Official Journal of the European Union

C 269/12

(Case C-349/17)

(2017/C 269/17)

Language of the case: Estonian

Referring court

Parties to the main proceedings

Appellant: Eesti Pagar AS

Respondents: Ettevõtluse Arendamise Sihtasutus, Majandus- ja Kommunikatsiooniministeerium

Questions referred

(a)Is Article 8(2) of Commission Regulation (EC) No 800/2008 declaring certain categories of aid compatible with the common market in application of Articles 87 and 88 of the Treaty (General Block Exemption Regulation) to be interpreted as meaning that, in the context of that provision, where the activity to be supported is, for example, the acquisition of an industrial plant, ‘work on the project or activity’ has started when the agreement for the purchase of the relevant plant has been entered into? Are the Member State authorities authorised to assess an infringement of the criterion mentioned in that provision in light of the costs of withdrawal from an agreement which contravenes the requirement of an incentive effect? If the Member State authorities have such authority, what level of costs (in percentage terms) incurred by withdrawal from the agreement may be deemed to be sufficiently marginal from the aspect of meeting the requirement of the incentive effect?

(b)Is a Member State authority obliged to recover an unlawful aid granted by it even if the European Commission has not adopted a corresponding decision?

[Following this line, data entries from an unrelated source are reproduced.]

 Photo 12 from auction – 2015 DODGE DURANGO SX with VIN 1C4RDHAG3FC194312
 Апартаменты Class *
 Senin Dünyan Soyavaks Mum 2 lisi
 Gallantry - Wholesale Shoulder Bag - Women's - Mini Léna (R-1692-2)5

(c)Can a Member State authority which decides to grant an aid — on the erroneous assumption that it is an aid that accords with the block exemption requirements, but which is in fact an unlawful aid — engender a legitimate expectation on the part of the aid recipients? Is, in particular, the fact that the Member State authority is aware, on granting the unlawful aid, of the circumstances causing the aid not to be covered by the block exemption sufficient to give rise to a legitimate expectation on the part of the recipients? If the preceding question is answered affirmatively, must the public interest and the interest of the individual be weighed against one another? In the context of that weighing-up of interests, is it significant whether, in relation to the aid at issue, the European Commission has adopted a decision declaring it incompatible with the common market?

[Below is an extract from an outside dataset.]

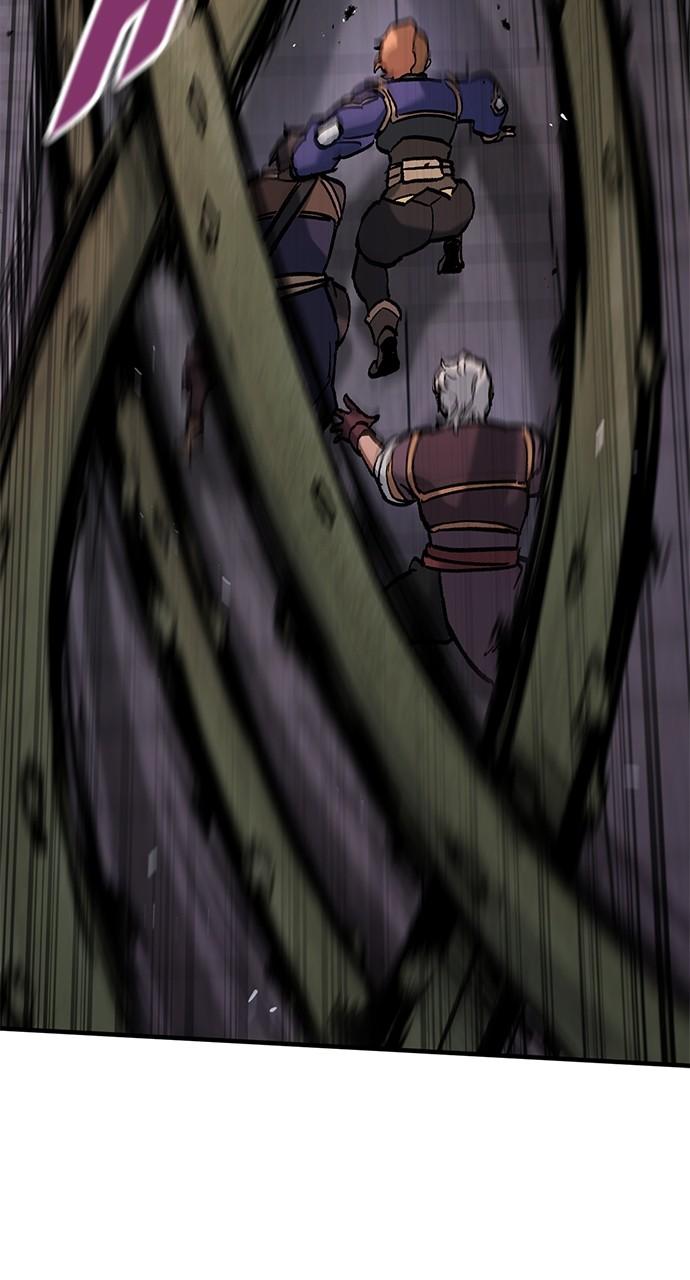 The Knight Only Lives Today Chap 49 - Next Chap 50
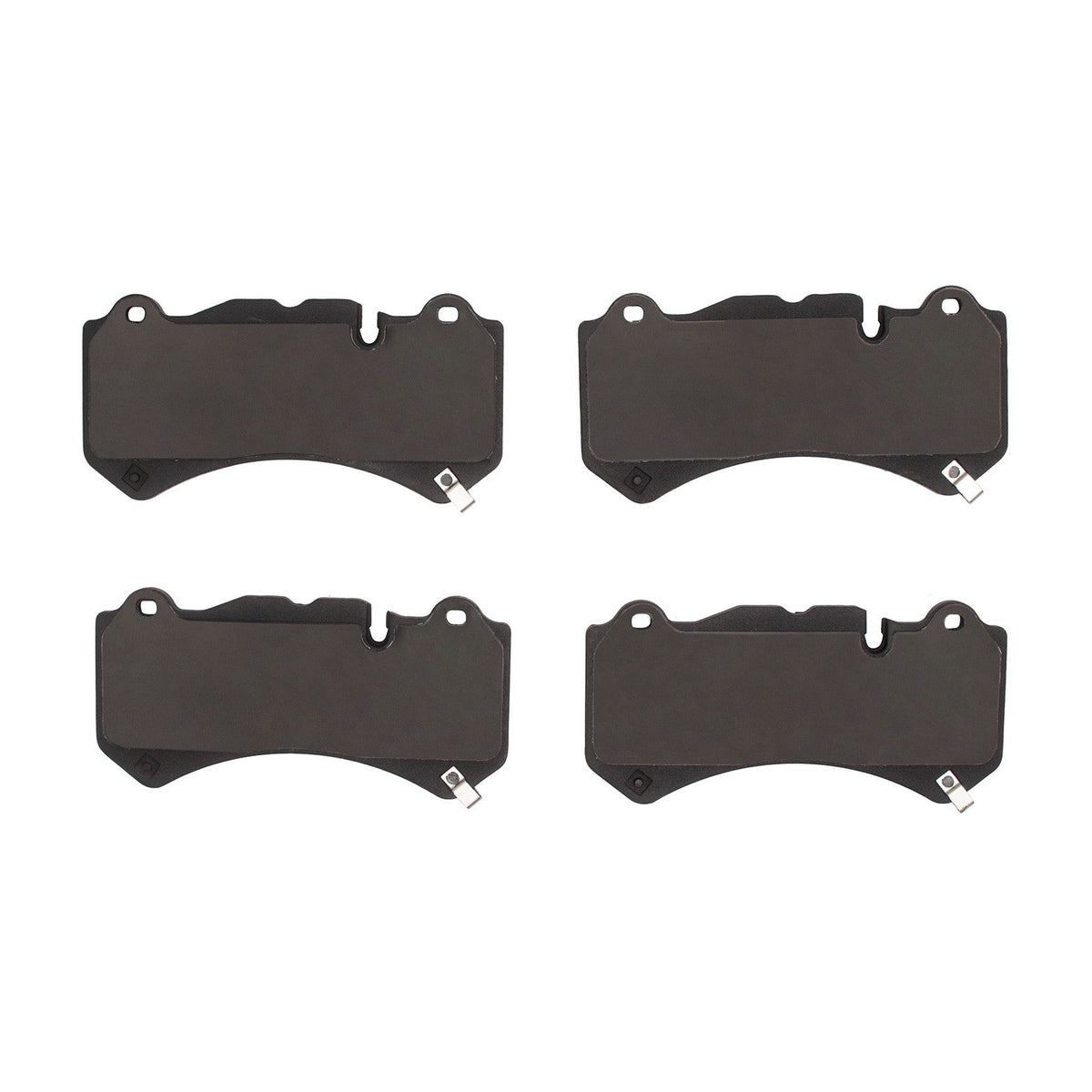 DFC 22-25 Cadillac CT4 Front 5000 Advanced Low Metallic Brake Pads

(d)Which limitation period applies to the recovery of an unlawful aid by a Member State authority? Is that period ten years, corresponding to the period after which, under Articles 1 and 15 of Council Regulation (EC) No 659/1999 laying down detailed rules for the application of Article 93 of the EC Treaty, the aid becomes existing aid and can no longer be recovered, or four years in accordance with Article 3(1) of Council Regulation (EC, Euratom) No 2988/95 on the protection of the European Communities’ financial interests? What is the legal basis for such recovery where the aid was granted from a structural fund: Article 108(3) TFEU or Council Regulation (EC, Euratom) No 2988/95 on the protection of the European Communities’ financial interests?

(e)If a Member State authority recovers an unlawful aid, is it then obliged to demand from the recipient the payment of interest on the unlawful aid? If so, which rules will then apply to the calculation of the interest, inter alia, as regards the rate of interest and the calculation period?

Language of the case: Estonian

(1) OJ 2008 L 214, p. 3.

(2) OJ 1999 L 83, p. 1.

(3) OJ 1995 L 312, p. 1, corrigendum OJ 1998 L 36, p. 16.